## DIRECTIONS FOR THIS TASK:
All that is wanted is an exact copy of the lines below, starting at the one that contains "왁스오일파스텔,까렌다쉬" and running to the end.
[[ AVAILABLE RECORDS, beginning ]]
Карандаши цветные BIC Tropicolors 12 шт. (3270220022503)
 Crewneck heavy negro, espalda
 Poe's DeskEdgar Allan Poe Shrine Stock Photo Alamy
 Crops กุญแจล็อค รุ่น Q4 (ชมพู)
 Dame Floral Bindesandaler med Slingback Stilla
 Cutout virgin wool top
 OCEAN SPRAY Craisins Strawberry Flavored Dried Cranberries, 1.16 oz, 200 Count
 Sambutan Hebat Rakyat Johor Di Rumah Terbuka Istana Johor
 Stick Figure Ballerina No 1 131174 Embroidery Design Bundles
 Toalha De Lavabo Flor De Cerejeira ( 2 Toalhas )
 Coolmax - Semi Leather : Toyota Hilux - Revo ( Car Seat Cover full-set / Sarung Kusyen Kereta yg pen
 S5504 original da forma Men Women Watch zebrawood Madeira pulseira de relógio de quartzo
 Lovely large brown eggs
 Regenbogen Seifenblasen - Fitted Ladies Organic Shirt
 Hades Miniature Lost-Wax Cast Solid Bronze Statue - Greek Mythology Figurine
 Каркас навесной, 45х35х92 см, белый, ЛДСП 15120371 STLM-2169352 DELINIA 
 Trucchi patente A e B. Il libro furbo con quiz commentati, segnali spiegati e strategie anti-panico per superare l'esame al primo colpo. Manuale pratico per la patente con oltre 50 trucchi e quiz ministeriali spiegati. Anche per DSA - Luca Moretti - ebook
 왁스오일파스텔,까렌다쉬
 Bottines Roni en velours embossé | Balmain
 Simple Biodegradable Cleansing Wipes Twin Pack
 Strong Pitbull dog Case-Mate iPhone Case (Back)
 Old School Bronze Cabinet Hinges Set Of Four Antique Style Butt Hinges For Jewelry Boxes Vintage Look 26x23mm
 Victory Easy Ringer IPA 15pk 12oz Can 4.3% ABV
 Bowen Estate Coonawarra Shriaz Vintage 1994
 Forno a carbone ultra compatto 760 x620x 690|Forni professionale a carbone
[[ AVAILABLE RECORDS, end ]]
## ANSWER SPACE:
 왁스오일파스텔,까렌다쉬
 Bottines Roni en velours embossé | Balmain
 Simple Biodegradable Cleansing Wipes Twin Pack
 Strong Pitbull dog Case-Mate iPhone Case (Back)
 Old School Bronze Cabinet Hinges Set Of Four Antique Style Butt Hinges For Jewelry Boxes Vintage Look 26x23mm
 Victory Easy Ringer IPA 15pk 12oz Can 4.3% ABV
 Bowen Estate Coonawarra Shriaz Vintage 1994
 Forno a carbone ultra compatto 760 x620x 690|Forni professionale a carbone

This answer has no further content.